Oleh karena itu diperlukan wadah bagi seluruh profesi hukum guna melakukan upaya yang mengarah pada peningkatan dan pengembangan pembinaan kualitas pendidikan hukum sebagai salah satu bentuk partisipasi organisasi profesi terhadap peningkatan mutu/ kualitas pendidikan tinggi hukum Indonesia sehingga mampu bersaing/ berkompetisi secara global.
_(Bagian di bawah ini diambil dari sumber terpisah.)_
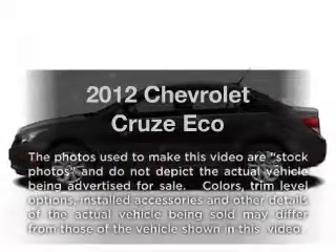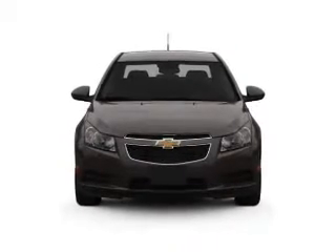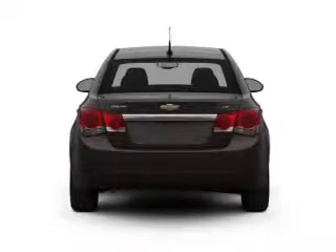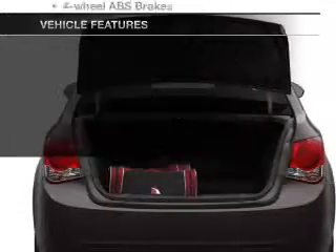Everything you need under one roof with this great vehicle, with an efficient four-cylinder engine connected to a smooth shifting transmission. Brake safely with the anti-lock braking system, and memory settings make for a more comfortable ride. And with these notable features, you won't want to miss out on the opportunity to own this amazing ride.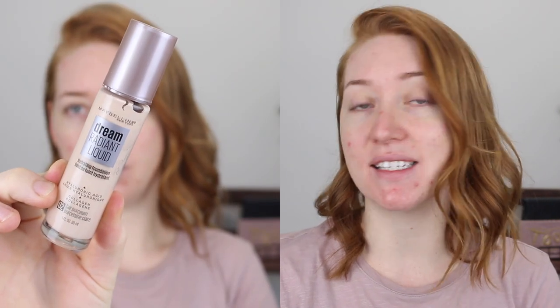First up, I have the Dream Radiant Liquid Hydrating Foundation in the shade 02 Fair Porcelain. This looks super fair — I'm very excited about it. It's described to give 12 hours of continuous hydration, improves the look of skin, medium coverage with a radiant finish, and doesn't clog pores. Before I get into the foundation, I'm going to color correct with my L'Oreal Anti-Redness Primer and cover up a few blemishes because I am breaking out.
Bentuk partisipasi profesi hukum ini dihimpun secara terorganisasi melalui suatu wadah perkumpulan yang disebut Asosiasi Profesi Hukum Indonesia (APHI) sebagai organisasi profesional yang menghimpun para akademisi hukum dan praktisi hukum Indonesia. Organisasi profesi ini dimaksudkan sebagai forum komunikasi dan silaturahim antar para akademisi hukum dan praktisi hukum dalam rangka meningkatkan dan mengembangkan pembinaan mutu/ kualitas pendidikan hukum Indonesia sehingga mampu bersaing/ berkompetisi secara global.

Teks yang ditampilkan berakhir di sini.